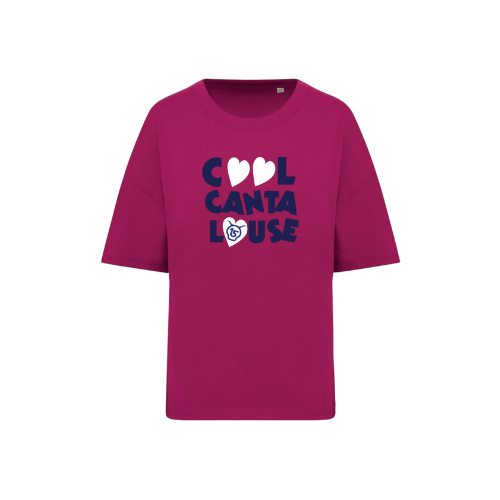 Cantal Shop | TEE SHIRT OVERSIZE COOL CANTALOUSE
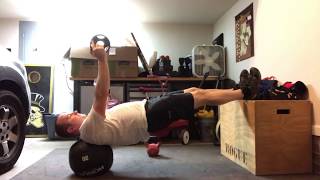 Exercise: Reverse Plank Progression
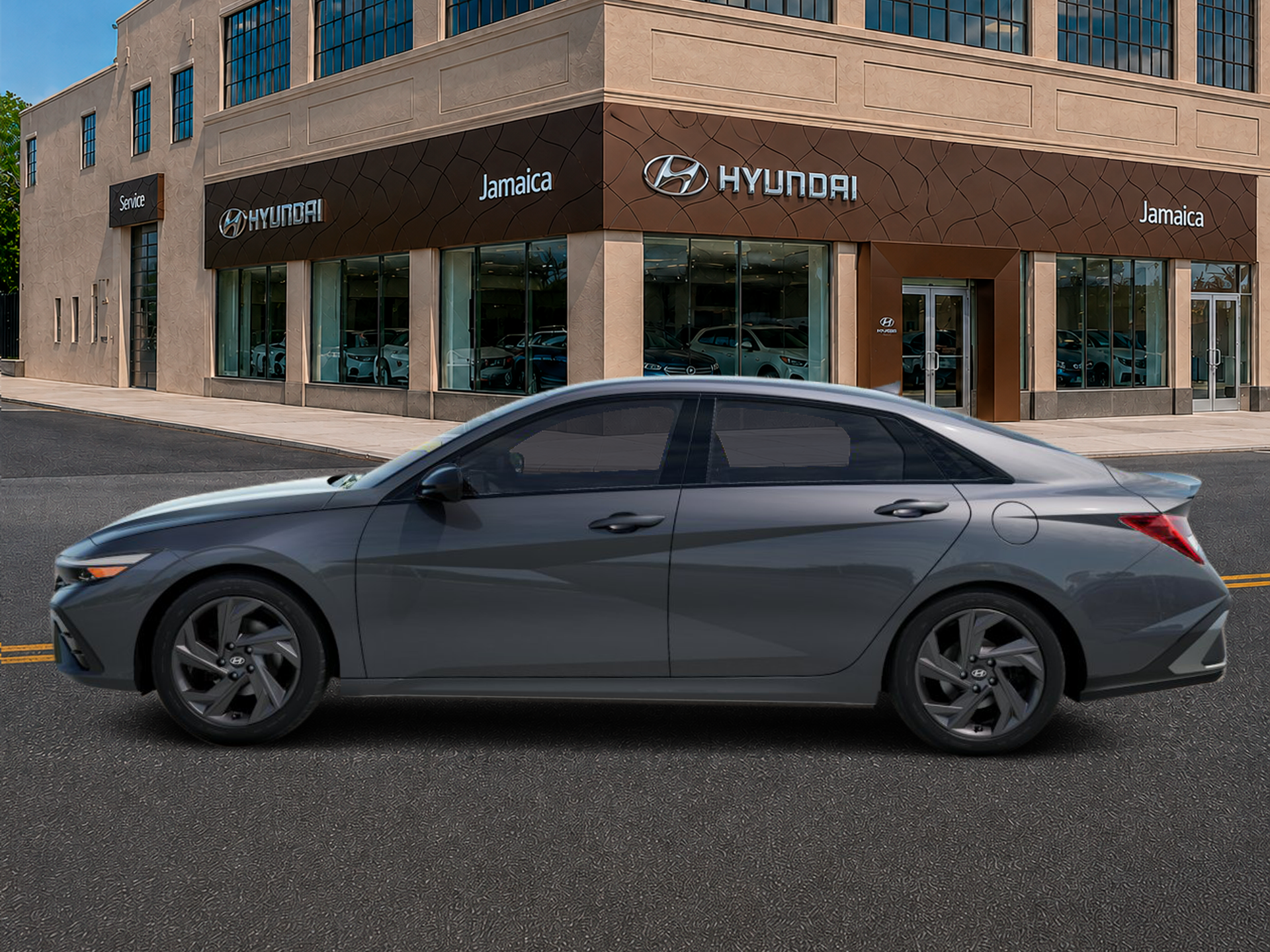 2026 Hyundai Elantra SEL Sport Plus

# # # # #

EXERCISE DETAILS: With pictures excluded, restate word for word the lines from the one that contains "Exercise: Reverse Plank Progression" through the end of the material, inclusive, and nothing more.

ANSWER TO THIS TASK:
 Exercise: Reverse Plank Progression
 2026 Hyundai Elantra SEL Sport Plus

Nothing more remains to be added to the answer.